Kathryn Bigelow, Near Dark

Various Venues

Kathryn Bigelow, who worked in the ’70s with Art & Language and collaborated with Lawrence Weiner on films and videos, was co-author and codirector of the cult biker movie The Loveless, 1982. Bigelow has reappeared as the director of a beautifully crafted feature film, Near Dark, 1987, that explores some unsettled shadows in the American consciousness. It is an astute blend of genres: a vampire horror film that condenses the nature/culture conflict of the western with the problem of the rootless body expressed in the road movie. It is bound by an atmospheric soundtrack by Tangerine Dream.

While out drinking in a bar one night, cowboy and farmer’s son Caleb (Adrian Pasdar), picks up a pale waif, Mae (Jenny Wright). Reluctantly succumbing to his amorous advances, she gives him a fatal love bite that precipitates his disorientation and his subsequent abduction by her itinerant vampire “family.” The vampiric resting place is no longer the earth-filled coffin but a series of anonymous stolen vehicles, wasteland sheds, or motel rooms. Part fascinated, part horrified by the group’s chilling violence, Caleb cannot kill, and must be sustained by the girl’s own blood as if she were a surrogate mother. He remains in this infantilized state of inaction until the encounter between vampires and his biological family (father and young sister), when he relinquishes his desire for Mae and returns to his pastoral home.
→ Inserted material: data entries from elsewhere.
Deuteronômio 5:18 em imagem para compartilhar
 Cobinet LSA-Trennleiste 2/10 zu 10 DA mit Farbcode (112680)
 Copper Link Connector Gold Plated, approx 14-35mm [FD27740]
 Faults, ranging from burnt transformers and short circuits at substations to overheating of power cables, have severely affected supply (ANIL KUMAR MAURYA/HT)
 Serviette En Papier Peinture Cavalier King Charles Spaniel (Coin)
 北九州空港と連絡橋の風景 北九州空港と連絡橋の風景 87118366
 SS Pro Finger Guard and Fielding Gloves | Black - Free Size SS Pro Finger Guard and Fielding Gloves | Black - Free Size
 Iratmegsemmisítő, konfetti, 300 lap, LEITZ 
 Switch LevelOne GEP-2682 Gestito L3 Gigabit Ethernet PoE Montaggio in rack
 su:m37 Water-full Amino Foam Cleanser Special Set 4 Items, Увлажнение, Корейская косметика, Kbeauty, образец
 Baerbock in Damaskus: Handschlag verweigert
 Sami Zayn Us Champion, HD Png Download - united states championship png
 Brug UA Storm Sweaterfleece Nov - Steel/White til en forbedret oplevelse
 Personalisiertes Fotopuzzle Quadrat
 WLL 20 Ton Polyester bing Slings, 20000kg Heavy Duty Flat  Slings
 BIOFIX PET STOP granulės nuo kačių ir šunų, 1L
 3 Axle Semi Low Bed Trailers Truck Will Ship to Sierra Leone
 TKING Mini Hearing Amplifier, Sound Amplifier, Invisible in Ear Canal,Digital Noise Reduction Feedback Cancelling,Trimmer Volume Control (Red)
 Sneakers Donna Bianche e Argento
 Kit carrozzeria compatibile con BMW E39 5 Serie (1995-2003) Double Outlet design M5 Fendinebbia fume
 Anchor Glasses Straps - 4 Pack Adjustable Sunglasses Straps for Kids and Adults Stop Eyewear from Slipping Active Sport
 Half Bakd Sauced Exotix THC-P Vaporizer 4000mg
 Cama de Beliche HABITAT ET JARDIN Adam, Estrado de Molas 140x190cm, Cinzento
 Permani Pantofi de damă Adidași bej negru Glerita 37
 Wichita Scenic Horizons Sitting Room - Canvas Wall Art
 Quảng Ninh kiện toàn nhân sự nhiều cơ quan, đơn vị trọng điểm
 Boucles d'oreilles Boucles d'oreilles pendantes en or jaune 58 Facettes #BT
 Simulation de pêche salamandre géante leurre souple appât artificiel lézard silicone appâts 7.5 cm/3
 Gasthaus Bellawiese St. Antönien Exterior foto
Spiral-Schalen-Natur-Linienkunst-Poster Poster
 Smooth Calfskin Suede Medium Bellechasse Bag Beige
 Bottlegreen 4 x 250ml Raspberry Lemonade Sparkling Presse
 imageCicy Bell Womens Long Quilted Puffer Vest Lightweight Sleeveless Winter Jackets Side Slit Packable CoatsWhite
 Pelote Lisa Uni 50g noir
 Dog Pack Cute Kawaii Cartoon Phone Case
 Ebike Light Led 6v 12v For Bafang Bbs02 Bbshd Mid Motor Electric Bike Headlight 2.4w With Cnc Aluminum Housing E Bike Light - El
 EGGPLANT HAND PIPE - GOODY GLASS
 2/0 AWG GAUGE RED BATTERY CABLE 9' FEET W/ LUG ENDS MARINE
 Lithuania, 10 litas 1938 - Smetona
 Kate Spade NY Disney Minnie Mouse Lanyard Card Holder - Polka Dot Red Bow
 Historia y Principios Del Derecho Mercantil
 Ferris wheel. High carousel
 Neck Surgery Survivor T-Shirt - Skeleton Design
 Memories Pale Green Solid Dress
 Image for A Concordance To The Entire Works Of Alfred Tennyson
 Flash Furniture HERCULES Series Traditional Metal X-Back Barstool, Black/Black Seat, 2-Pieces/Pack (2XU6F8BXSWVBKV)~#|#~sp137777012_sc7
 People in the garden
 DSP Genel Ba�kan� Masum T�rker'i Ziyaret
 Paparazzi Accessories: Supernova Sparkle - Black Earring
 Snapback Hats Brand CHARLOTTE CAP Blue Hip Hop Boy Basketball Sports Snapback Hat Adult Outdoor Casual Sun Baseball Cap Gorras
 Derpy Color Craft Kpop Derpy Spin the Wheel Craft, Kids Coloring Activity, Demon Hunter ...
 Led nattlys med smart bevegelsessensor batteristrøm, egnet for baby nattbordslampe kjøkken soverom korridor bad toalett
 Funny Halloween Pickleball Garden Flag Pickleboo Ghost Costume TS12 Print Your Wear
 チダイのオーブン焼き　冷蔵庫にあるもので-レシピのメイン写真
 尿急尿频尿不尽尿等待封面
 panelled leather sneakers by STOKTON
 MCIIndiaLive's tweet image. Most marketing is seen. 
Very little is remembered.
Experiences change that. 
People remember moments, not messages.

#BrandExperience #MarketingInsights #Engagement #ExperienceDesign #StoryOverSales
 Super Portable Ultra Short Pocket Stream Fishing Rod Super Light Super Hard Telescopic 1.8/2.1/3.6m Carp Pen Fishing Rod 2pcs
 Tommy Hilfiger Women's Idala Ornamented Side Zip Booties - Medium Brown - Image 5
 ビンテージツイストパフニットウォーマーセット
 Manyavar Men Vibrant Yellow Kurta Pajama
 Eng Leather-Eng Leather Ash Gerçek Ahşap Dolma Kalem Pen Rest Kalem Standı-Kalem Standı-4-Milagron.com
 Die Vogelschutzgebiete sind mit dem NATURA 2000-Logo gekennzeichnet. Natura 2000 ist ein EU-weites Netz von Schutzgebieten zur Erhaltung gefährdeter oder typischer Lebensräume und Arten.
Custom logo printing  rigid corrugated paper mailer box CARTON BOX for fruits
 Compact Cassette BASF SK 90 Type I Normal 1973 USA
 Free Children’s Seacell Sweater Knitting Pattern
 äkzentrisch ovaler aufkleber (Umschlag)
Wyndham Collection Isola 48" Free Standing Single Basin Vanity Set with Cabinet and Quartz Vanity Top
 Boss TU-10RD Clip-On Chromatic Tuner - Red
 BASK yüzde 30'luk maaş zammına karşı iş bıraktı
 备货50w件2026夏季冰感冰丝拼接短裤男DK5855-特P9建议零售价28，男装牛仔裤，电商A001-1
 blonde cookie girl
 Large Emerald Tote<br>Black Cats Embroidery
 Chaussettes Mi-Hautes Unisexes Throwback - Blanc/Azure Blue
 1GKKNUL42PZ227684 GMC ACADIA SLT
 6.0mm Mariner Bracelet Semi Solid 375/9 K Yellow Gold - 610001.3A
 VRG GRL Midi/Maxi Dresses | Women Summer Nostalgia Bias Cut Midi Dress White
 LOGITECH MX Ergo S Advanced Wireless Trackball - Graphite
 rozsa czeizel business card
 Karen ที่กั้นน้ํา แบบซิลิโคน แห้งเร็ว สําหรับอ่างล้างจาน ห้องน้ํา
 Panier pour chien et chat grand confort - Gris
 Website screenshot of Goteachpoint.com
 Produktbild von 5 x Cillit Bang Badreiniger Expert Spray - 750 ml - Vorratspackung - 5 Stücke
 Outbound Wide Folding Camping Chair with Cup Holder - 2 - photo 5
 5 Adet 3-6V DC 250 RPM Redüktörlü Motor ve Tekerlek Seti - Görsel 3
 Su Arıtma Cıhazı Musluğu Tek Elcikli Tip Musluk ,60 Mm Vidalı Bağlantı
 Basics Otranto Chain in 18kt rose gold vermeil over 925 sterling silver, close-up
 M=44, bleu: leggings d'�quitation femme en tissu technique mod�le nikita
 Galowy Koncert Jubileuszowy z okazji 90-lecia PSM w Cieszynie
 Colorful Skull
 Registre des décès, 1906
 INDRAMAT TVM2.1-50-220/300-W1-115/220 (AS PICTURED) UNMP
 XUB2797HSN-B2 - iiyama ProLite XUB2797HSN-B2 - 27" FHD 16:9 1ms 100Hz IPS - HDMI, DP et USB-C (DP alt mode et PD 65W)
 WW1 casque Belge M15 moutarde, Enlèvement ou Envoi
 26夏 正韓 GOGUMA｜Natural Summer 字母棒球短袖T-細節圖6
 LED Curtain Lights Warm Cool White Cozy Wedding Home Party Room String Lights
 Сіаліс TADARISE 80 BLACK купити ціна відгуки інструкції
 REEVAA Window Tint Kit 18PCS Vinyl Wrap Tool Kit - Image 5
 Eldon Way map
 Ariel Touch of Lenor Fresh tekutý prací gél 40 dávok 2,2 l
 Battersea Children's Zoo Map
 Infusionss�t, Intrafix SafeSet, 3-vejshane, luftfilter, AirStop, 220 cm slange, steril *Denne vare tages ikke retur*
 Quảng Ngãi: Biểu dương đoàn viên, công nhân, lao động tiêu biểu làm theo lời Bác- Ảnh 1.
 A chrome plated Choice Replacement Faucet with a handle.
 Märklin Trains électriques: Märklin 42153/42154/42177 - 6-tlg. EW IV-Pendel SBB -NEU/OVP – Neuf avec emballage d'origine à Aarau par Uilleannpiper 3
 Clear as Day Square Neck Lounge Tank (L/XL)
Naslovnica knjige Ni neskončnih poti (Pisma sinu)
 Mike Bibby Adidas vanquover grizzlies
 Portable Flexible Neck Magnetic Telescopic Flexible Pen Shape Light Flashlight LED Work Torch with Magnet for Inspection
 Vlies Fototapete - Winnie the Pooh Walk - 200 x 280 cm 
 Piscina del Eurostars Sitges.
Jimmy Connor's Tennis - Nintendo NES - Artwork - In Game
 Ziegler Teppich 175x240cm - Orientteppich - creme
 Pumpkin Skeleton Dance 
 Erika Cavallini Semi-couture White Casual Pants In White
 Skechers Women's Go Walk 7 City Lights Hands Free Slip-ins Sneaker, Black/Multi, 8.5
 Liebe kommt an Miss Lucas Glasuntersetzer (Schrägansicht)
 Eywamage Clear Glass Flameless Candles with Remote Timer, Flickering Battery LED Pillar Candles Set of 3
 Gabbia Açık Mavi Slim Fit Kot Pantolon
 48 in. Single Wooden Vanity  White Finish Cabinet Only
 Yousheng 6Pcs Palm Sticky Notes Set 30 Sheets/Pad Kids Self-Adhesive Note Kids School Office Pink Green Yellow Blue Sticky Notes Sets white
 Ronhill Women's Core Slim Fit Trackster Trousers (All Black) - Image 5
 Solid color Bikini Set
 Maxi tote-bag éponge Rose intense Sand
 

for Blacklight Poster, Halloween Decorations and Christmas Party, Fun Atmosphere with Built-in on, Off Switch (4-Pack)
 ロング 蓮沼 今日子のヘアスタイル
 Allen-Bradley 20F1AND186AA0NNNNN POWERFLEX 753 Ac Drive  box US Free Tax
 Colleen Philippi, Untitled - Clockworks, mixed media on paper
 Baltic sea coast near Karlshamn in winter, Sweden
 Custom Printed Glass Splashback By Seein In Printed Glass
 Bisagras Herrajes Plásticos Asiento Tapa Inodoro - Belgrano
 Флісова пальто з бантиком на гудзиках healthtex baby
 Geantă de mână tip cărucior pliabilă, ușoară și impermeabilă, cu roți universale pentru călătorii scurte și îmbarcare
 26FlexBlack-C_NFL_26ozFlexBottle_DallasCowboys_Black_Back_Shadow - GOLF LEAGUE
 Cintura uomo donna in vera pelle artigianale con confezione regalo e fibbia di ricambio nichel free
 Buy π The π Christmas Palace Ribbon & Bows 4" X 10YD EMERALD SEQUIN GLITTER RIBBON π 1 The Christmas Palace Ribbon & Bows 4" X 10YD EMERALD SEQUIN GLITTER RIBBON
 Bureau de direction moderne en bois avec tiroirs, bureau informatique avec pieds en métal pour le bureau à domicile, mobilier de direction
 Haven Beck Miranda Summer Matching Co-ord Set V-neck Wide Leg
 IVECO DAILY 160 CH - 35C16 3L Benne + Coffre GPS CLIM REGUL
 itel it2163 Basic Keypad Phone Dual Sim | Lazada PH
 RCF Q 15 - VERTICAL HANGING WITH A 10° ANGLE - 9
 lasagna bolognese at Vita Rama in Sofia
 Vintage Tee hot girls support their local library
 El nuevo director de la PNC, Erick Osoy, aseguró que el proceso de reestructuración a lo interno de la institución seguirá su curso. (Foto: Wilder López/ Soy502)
He is rejoined to the land and the living by a blood transfusion from his father. The pyrotechnic showdown finally takes place after the gang kidnaps the sister to satisfy the ghoulish demands of its youngest member, whereupon Caleb rides out his horse to rescue both sister and Mae.

Its persistence in narrative over the past 150 years suggests that the vampire, as a model of the human subject, realizes a collective anxiety about life under capitalism that centers on the problems of identity and freedom. A Hegelian view might posit that the vampire represents an unresolved post-Enlightenment conflict between rationalism’s utilitarian state, which broke down traditional structures of identity and reordered society according to the spiritually vacuous demands of production and consumption, and Romanticism’s demand for individual freedom. The vampire drifts in the spatiotemporal desolation of an autonomous self whose absolute freedom, having no locus of identity or responsibility to life, can exist only in the negativity of violence.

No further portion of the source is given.